Eski bir türkü sen gibi dilimde...
Sol yanımın esintisinde savurduğum bedenim
Düzlüklerin en ucra yamacında ensemde senin kokun
Ama sen yoktun...
Hasretimin en dayanılmaz haliydi gözlerin
Gök yüzü sendin yer sen bu Sema da...
Ah bir de seni kucaklıyabilsem
Saflığın kirlenmişken yine de Aşktın sen...
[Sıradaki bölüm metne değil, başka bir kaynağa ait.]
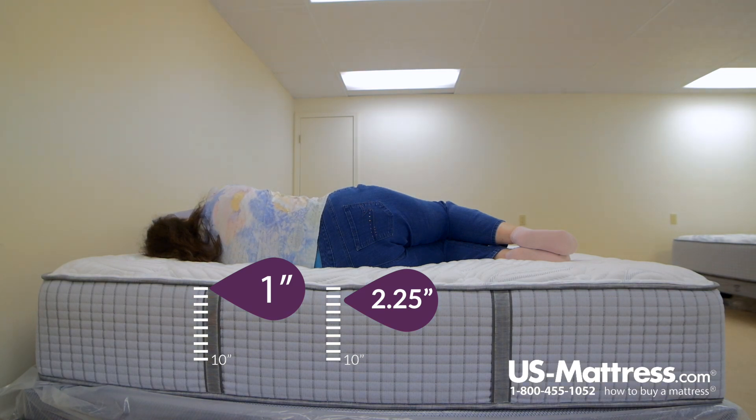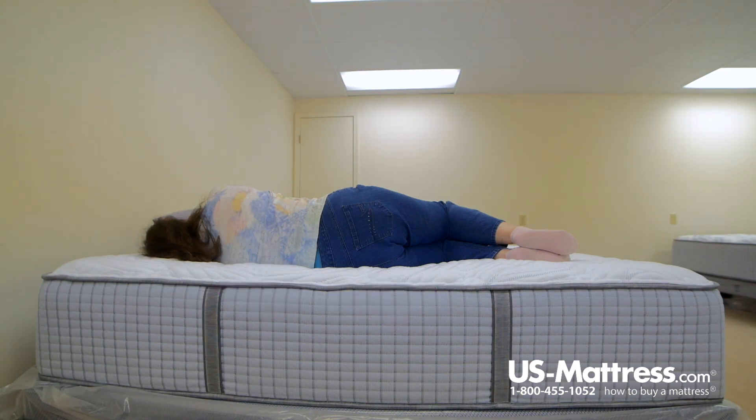Someone with my body type, if you like kind of a firmer feel, or a kind of plushy but with support, this would probably work well for you. I think this mattress would work pretty well for you if you like kind of a medium feel with a little bit on the firmer side, regardless of which way you sleep — whether it's stomach, back, or side.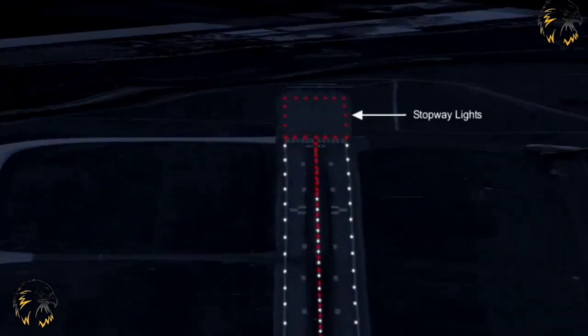Stopway lights should be provided for the full length of the stopway and be in two parallel rows equidistant from the centre line and coincident with the rows of the runway edge lights. They will also be provided across the end of the runway. The lights will be fixed unidirectional lights showing red in the direction of the runway. You can see an example of the layout here.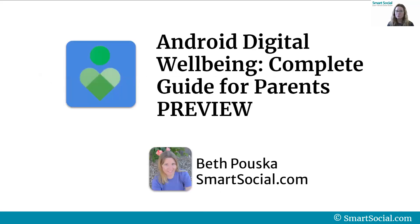I'm Beth from smartsocial.com. Thanks for watching the preview today about Android Digital Wellbeing — a complete guide for parents. We hope to see you in the VIP course.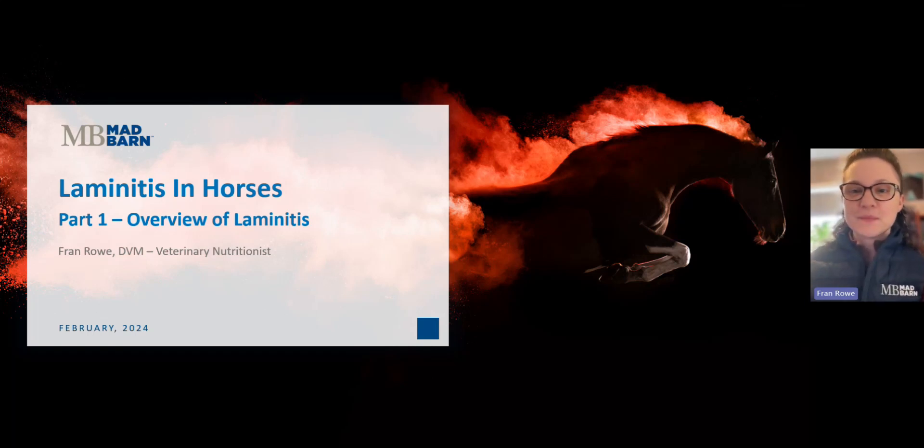Hi everyone, welcome back to Mad Barn Academy. And if you're new here, welcome — we hope to earn your subscription today. If you like this video and other videos that we post, please like and subscribe. As always, we really appreciate the ongoing support. I'm Dr. Fran Rowe, one of the veterinary nutritionists here at Mad Barn.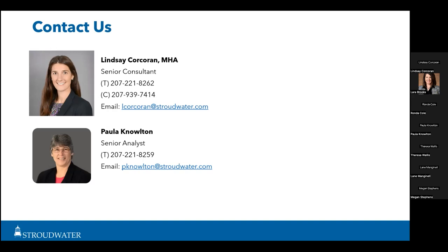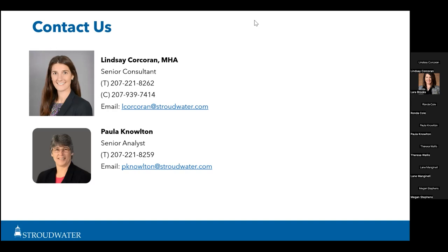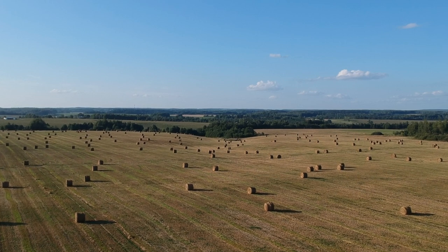Thank you all for your time. If you have any questions about whether your facility is registered, please reach out and we can connect you with Paula. Have a great day.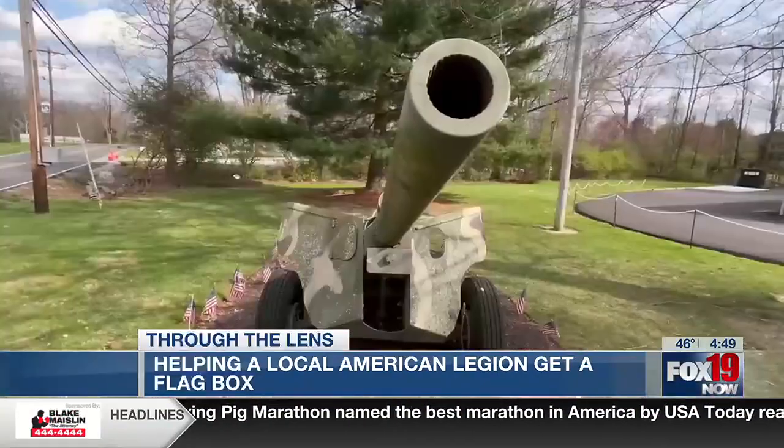My grandfather was a veteran in the Vietnam War, who's an inspiration for me, so I thought it would be a great idea to be able to give back to the veterans who helped our country so much.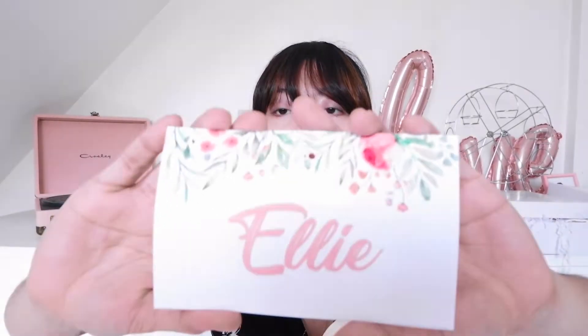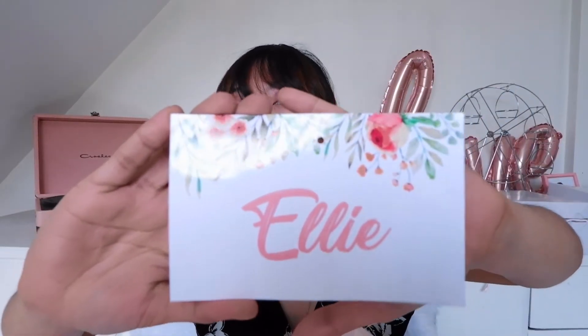We wrapped our box like this — it's a plain white box. It has a blush pink color that looks super nice in person; it might just appear white on camera. The ribbon is a super light pink color. And on the outside, we attach the name of the person who will be receiving the box — for this one, it says 'Ellie.'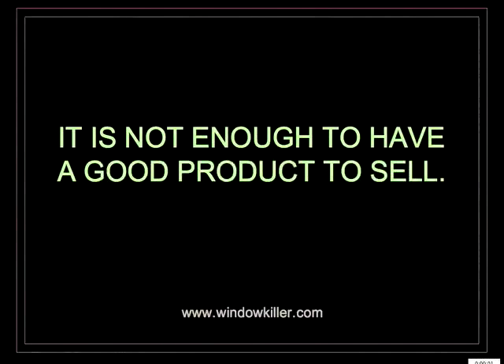So this was my review. As I always say, it is not enough to have a good product to sell — you need to watch out for the details. Thank you very much. Bye bye.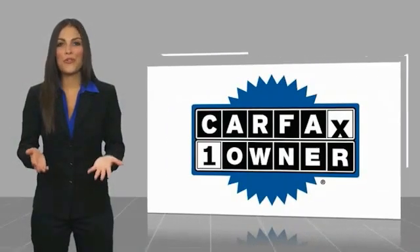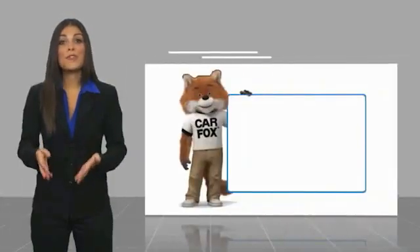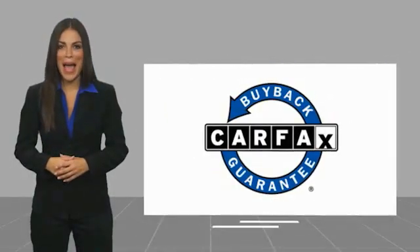This is a one-owner vehicle with a Carfax vehicle history report. Be sure to find a complimentary copy of this report online or contact the dealership. This vehicle qualifies for the Carfax buyback guarantee.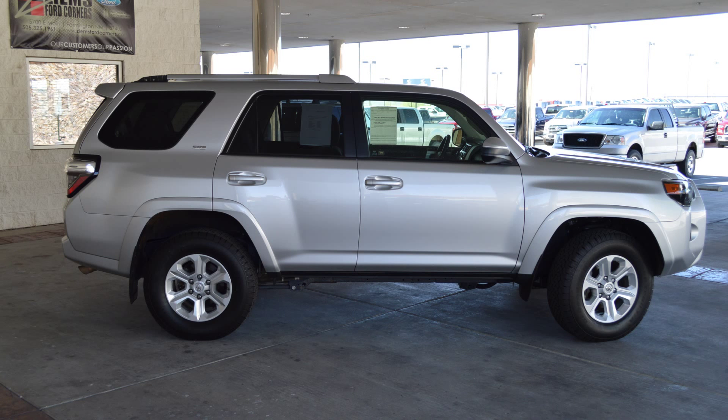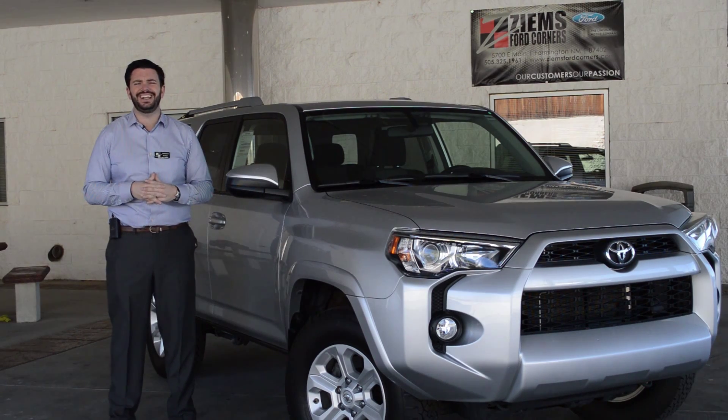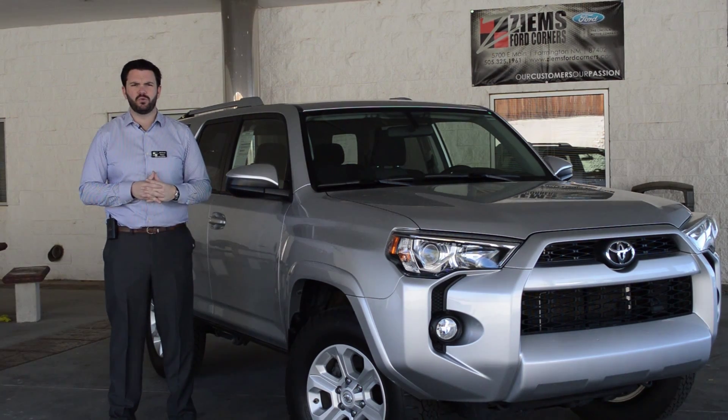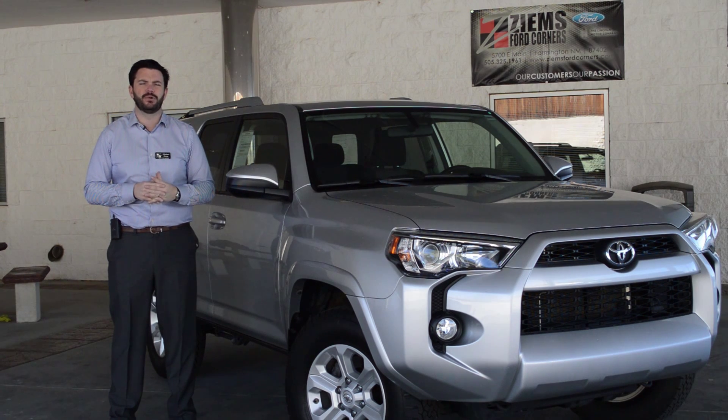If you'd like to learn more about this 4Runner, please visit us on the web at zymesfordcorners.com. You can also call us at 888-819-7718. Come take this for a test drive today. Stock number PT 9643.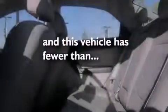A folding second row, rear seat child-proof door locks, cruise control, and full-power accessories. This vehicle has fewer than 33,000 miles on the odometer.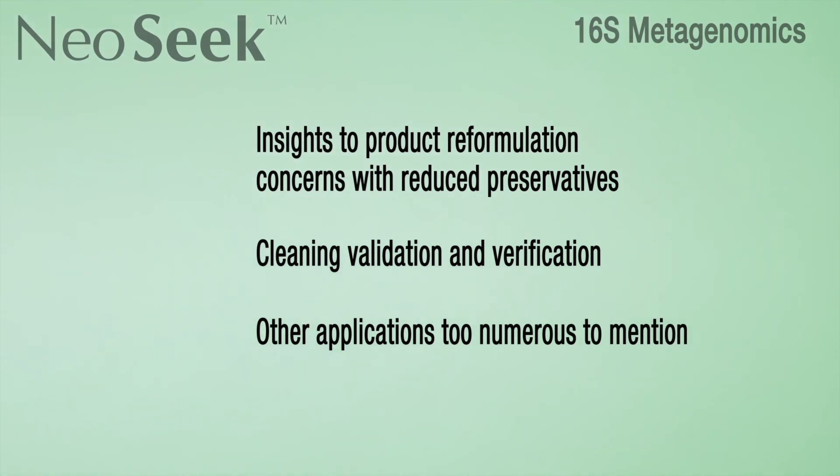To begin the process of leveraging next-generation sequencing to help advance the safety and quality of your products, contact your Neogen representative today.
Sensiz ömründen giden yıllar gibi kaçıp gittin benden
Sensizliğe bir suret ölüm kadar gercek
Yalanların ardına saklanmış bir hayatı yaşamışız biz
Sancılı ayrılıkların birleştiği bu güne kadar
Herşeyden kaçabilirsin ama benden asla
Yüreklerimiz böyle aşkla yanarken asla
Düş yağmuru ağlamaklı gözlerim
Hasretim tenine hasretim sevgilim...
Kimse bilmesin yağmurlardan başka
Ne senin yaşadığını içimde
Ne nefes aldığımı gözlerinde
Bu kadar severken birbirimizi
Üzmesinler artık bizi...
İhaneti koynuna saklanmış bir aşk değiliz
Biz bir birimiz için yeşermiş filizleriz...
Yunus Özkan
5.0
100% (3)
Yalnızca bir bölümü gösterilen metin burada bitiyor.